Francisco e as mulheres, uma questão que vem sendo debatida desde o início do Pontificado.
Alguns o acusam de não ser claro ou de imobilismo, outros de aberturas excessivas e perigosas. “O Santo Padre inicia processos. Isso é o que conta para ele”, afirma a teóloga “que o sabe ler”. "Nunca tive nem tenho a pretensão de ‘interpretar’ o Papa. Com o ensaio e minhas intervenções sobre o tema, apenas tento explicar aos leitores, especialmente aos não especialistas, o contexto social, cultural, eclesial e político da Argentina onde Jorge Mario Bergoglio foi formado. Uma espécie de tradução cultural não linguística para que a opinião pública possa compreender em profundidade as suas palavras”. Quase um dever moral para uma portenha - isto é, nascida em Buenos Aires - doc. E não uma portenha qualquer: Emilce Cuda é uma das maiores especialistas em Teologia do povo, peronismo, populismo, movimentos populares e articulações sindicais. Uma vastidão de interesses alinhados com seu currículo acadêmico, bastante peculiar: a nova chefe do escritório da Pcal estudou Teologia e Filosofia paralelamente para depois se dedicar em tempo integral à primeira.

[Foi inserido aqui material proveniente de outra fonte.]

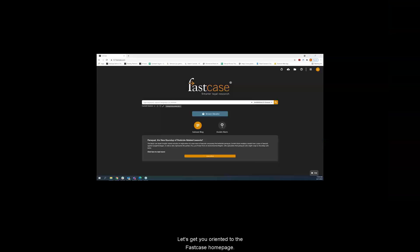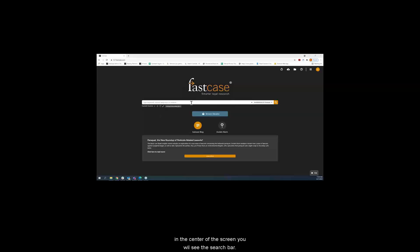Let's get you oriented to the Fastcase homepage. When you first hit the Fastcase homepage, in the center of the screen you will see the search bar. On the right end of the search bar, you'll see jurisdictions and sources.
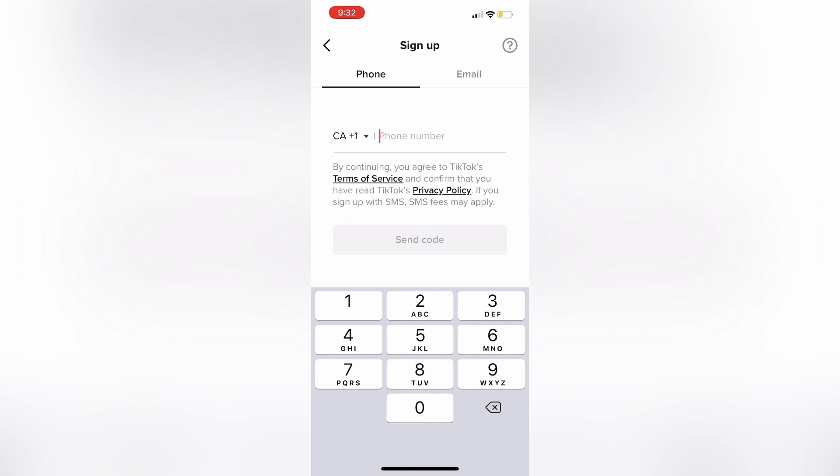So, that is how you create a TikTok account. It is very simple and easy to do. Please remember to like, share, and subscribe, and I will see you guys in the next video. Thank you.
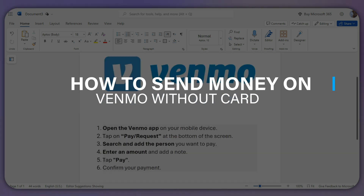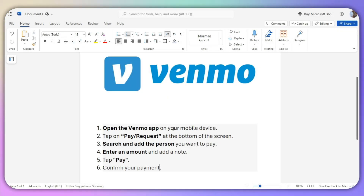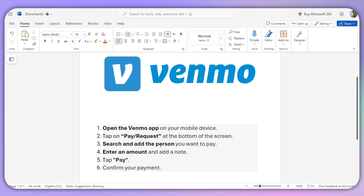The first step is you need to open the Venmo app on your mobile device and select the Pay or Request tab at the bottom of the screen. Search and add the person that you want to pay, then enter an amount and add a note if you want to, otherwise leave it.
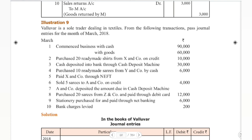Hello guys, welcome to Padviksha. In the last videos, the 6th, 7th and 8th illustrations were covered. In video number 9, we'll look at the illustration and book back answers for journal entries and ledger. The link is in the description box. The trial balance chapter book back answers are on the way and I'll post them whenever ready.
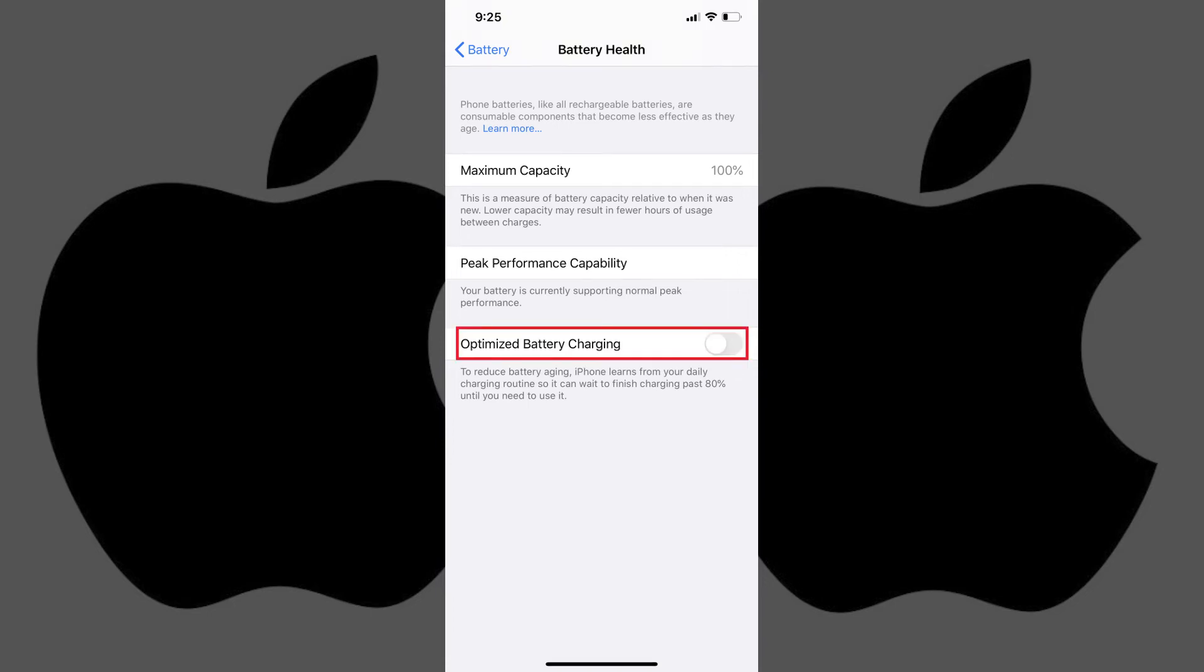Step 4. Tap the toggle to the right of Optimized Battery Charging until it's turned on. Your iPhone will now monitor your charging habits and wait to charge your phone past 80 percent until you need it.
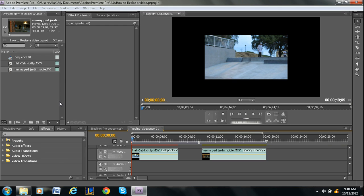Hey guys, Alan here from Premiere Pro Tips, and today's pro tip is how to resize a video in Adobe Premiere Pro.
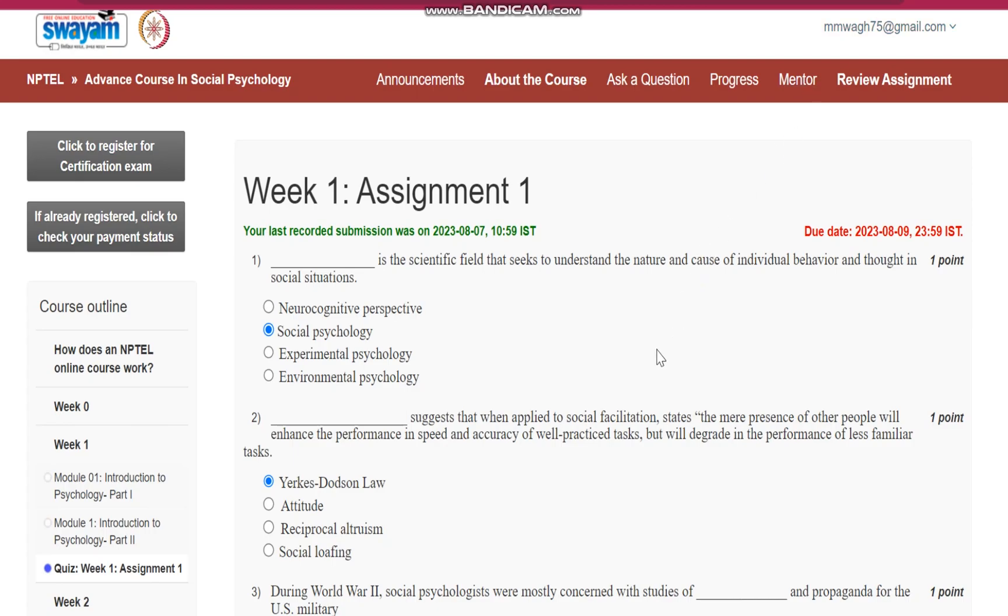Hello everyone, now let us see assignment number 1 for the course, advanced course in social psychology.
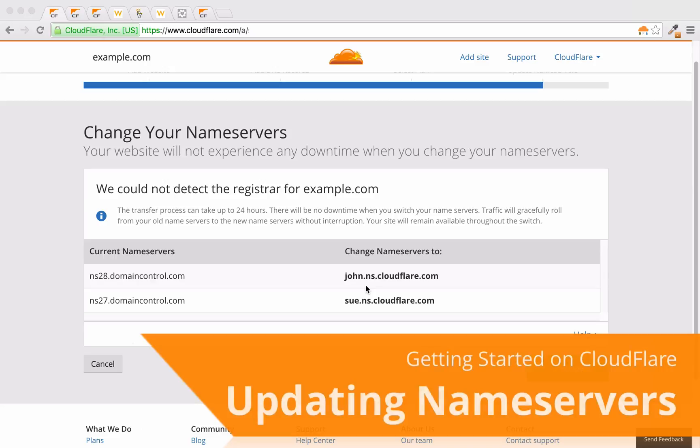In order to complete your Cloudflare setup, you'll need to update your current nameserver records to utilize Cloudflare's nameservers.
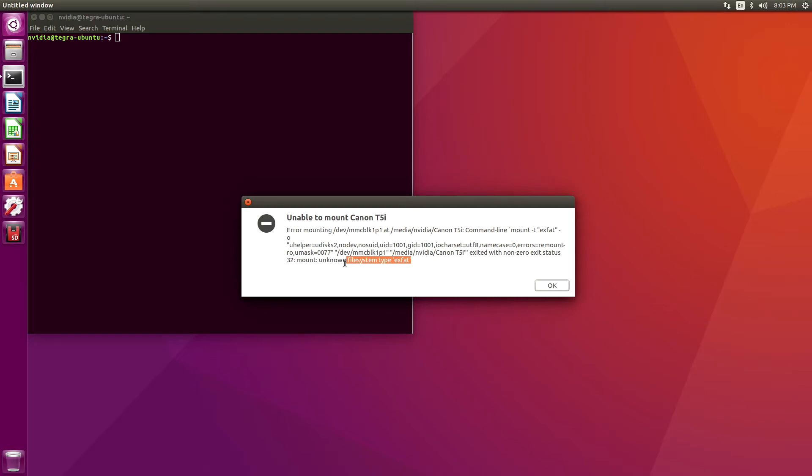It says that the file system is unknown and of type XFAT. This is the file system that's used on Windows and also many different types of cameras. We are going to put a file system in user space so that we can read these types of disks.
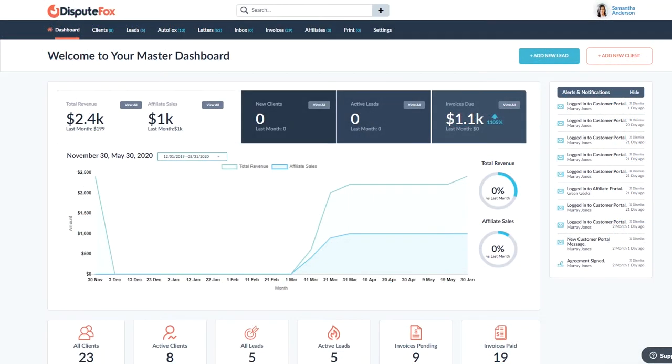The homepage dashboard is your entire business at a glance: sales, clients, leads, invoices, and affiliate statistics so you can measure performance and track trends.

E obter - fato inédito para uma mulher naquela época - doutorado em Teologia moral na Pontifícia Universidade Católica Argentina (UCA). "Moral social", explica Emilce Cuda. “A moral católica é muitas vezes circunscrita à bioética. Na realidade, esta é apenas um dos dois setores. O outro é a moral social. Dedicar-se a ele implica o estudo da política, da economia, da sociedade, para depois se pronunciar, do ponto de vista da doutrina católica, sobre tais questões. Quando fazemos isso, principalmente se falamos em defesa dos excluídos, porém, muitas vezes somos acusados de “fazer política”. Na realidade, estamos apenas fazendo o que nos compete: os teólogos da moral social. Eu me especializei nisso”. O título de Emilce Cuda, além disso, é assinado pelo Cardeal Bergoglio, na época Grão-Chanceler da UCA de Buenos Aires. Um dos muitos fios vermelhos que unem a "teóloga atípica" e o primeiro papa argentino da catolicidade, junto com o amor por Buenos Aires, o tango, a frequência de ambientes populares e da Igreja neles encarnada. Foram as religiosas da Divina Pastora que ensinaram à futura acadêmica a ler a doutrina social da Igreja. “E isso marcou a minha vida - destaca – Eu sempre tive o desejo de disponibilizar os meus conhecimentos para aliviar os sofrimentos das pessoas mais desfavorecidas. Eu mesma venho de uma família humilde, então conheço bem os sacrifícios do povo trabalhador para sobreviver dia após dia”.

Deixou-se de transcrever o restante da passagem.